Just like that, in less than a day, I claimed the ping-pong championship title, only to promptly lose it, a shame surely as great as the ball is plastic. I had it–held it, in fact, and placed it on my desk for a scant few hours. The physical manifestation of this honor is a garish trophy of a pewter fellow wielding a pewter paddle, the face of which had long since snapped off. What you are left with, then, is a pewter dude in pewter shorts gripping a pewter handle in a heroic pose. But it was never about the object itself. It was about the idea behind the statue.

In retrospect, I won game one in all my matches, fizzled out in all my game twos, and then eked out a victory in game three, except for that third match. Was it overconfidence? Inability to sustain focus? I’m leaning more toward the latter, but the fact remains I lasted for only three matches: one to get the title, one to defend, and one to screw the pooch.

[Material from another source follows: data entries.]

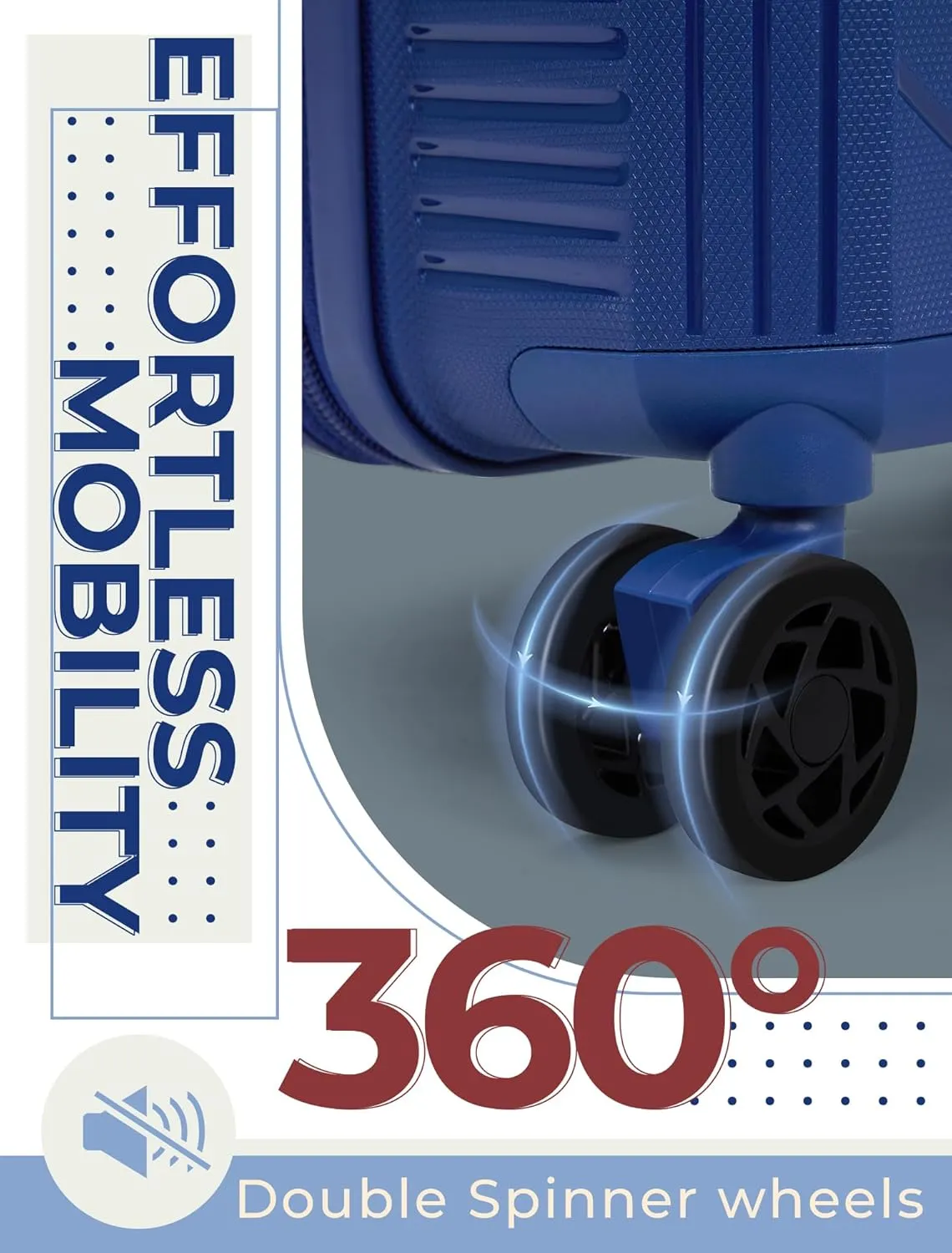 Luggage Sets 5 Piece, Suitcases with Wheels, Hardshell Suitcase Set, PP Carry on Luggage Set with TSA Lock, Travel Luggage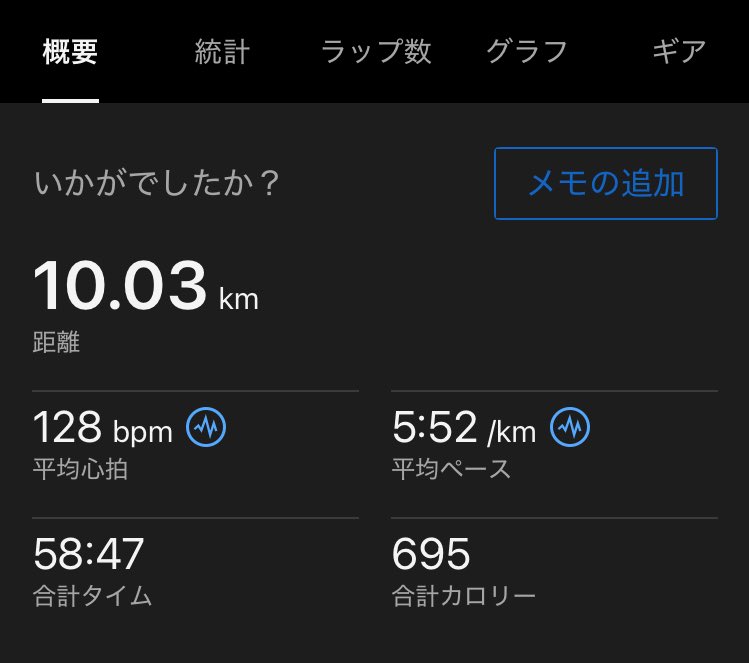 コバ@ラン・筋トレ垢 tweet media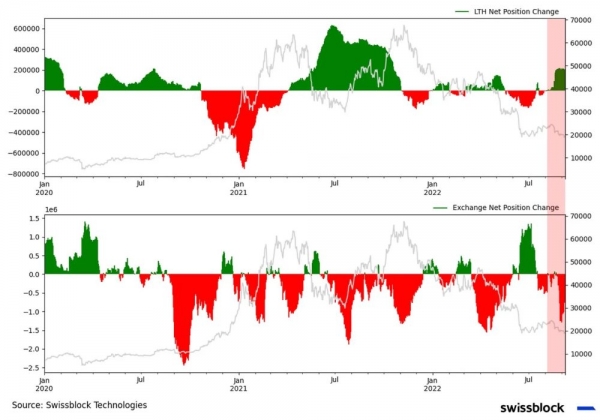Структура рынка биткойна укрепляется Структура рынка биткойна укрепляется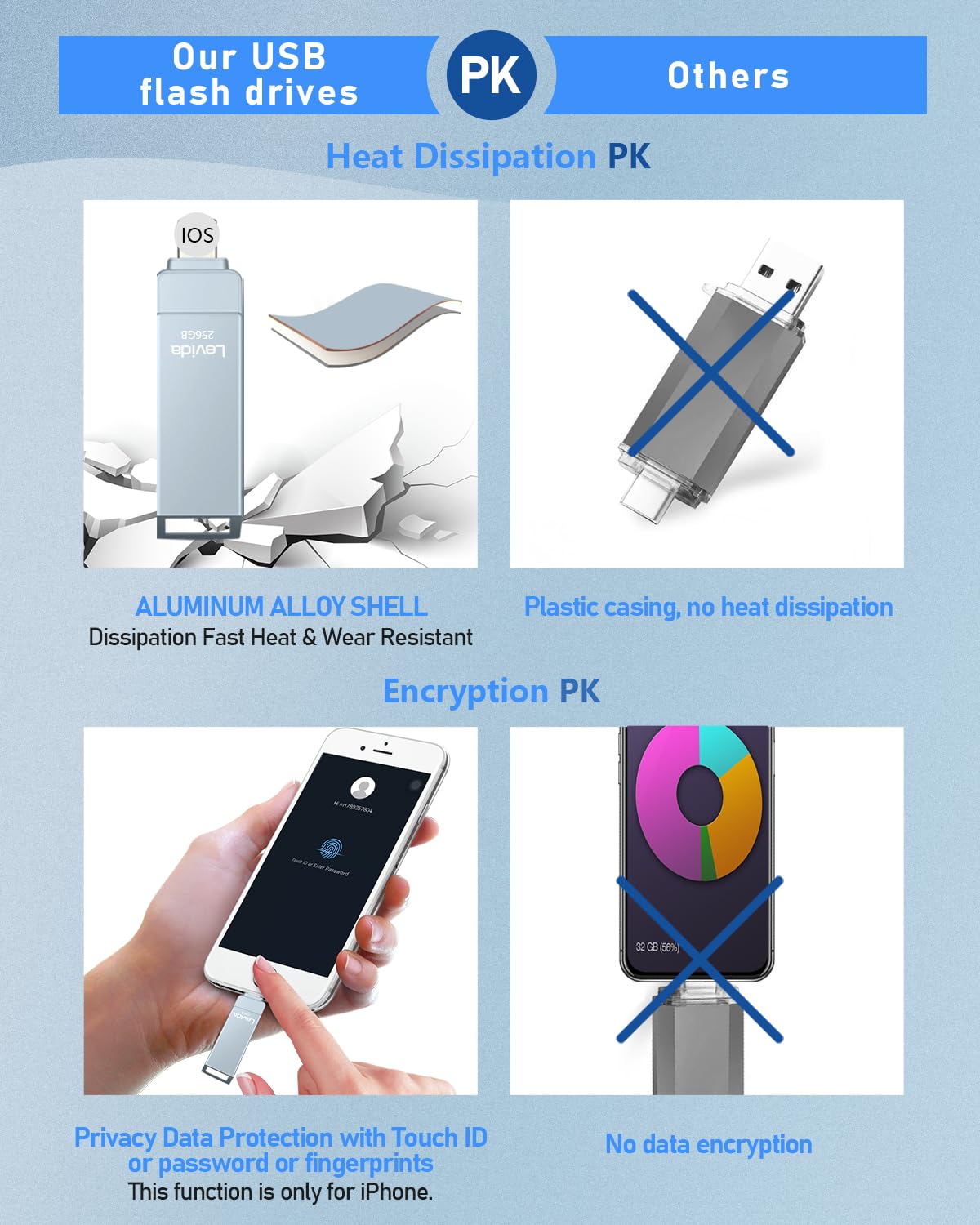 Clé USB pour Phone 512 Go, Cle USB Phone Stockage Externe 4 in 1 Clef USB C Photo Stick Memoire USB 3.0 Flash Drive pour Phone/Pad/OTG Android/Mac/PC,Vidéos/Photos/Document,Gris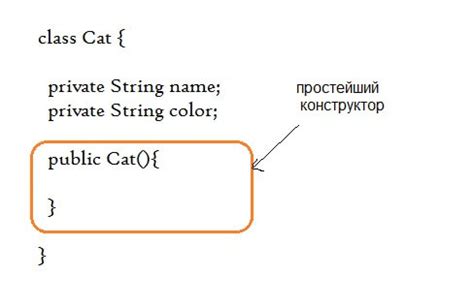 Как правильно наследовать конструкторы в Java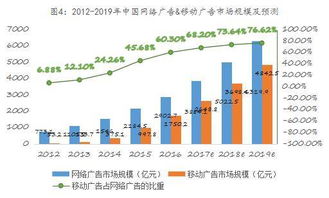 JN江南·(中国)体育官方网站|最好的索尼手机-Xperia 1详细评测(图4)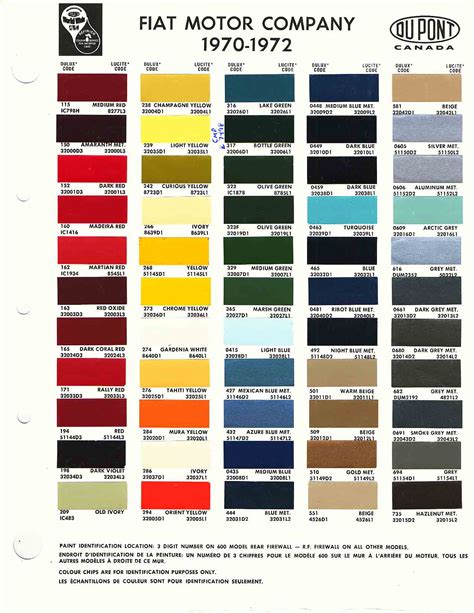 Fiat Paint Codes & Color Charts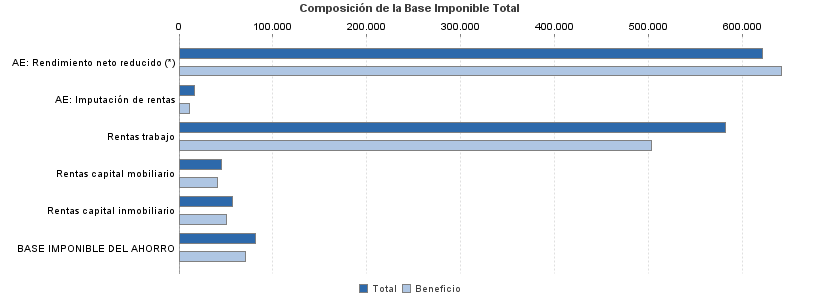 Composición de la Base Imponible Total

I’ll tell you this, though. The pressure changed the contours of the game and enhanced my enjoyment of it substantially. I’m hooked. Even when I was in the deepest, darkest point deficits, my internal dialogue merely confirmed the fact that all this was a heck of a lot more engaging than a plain vanilla match. I think I just like the competition. More importantly, I need the mental toughness that can only be cultivated in this crucible. I want a rematch! And I want to dominate. None of this “everybody’s a winner” or patchouli-laced bullshit of that nature. I want to crush you, then fashion a paddle from your bones.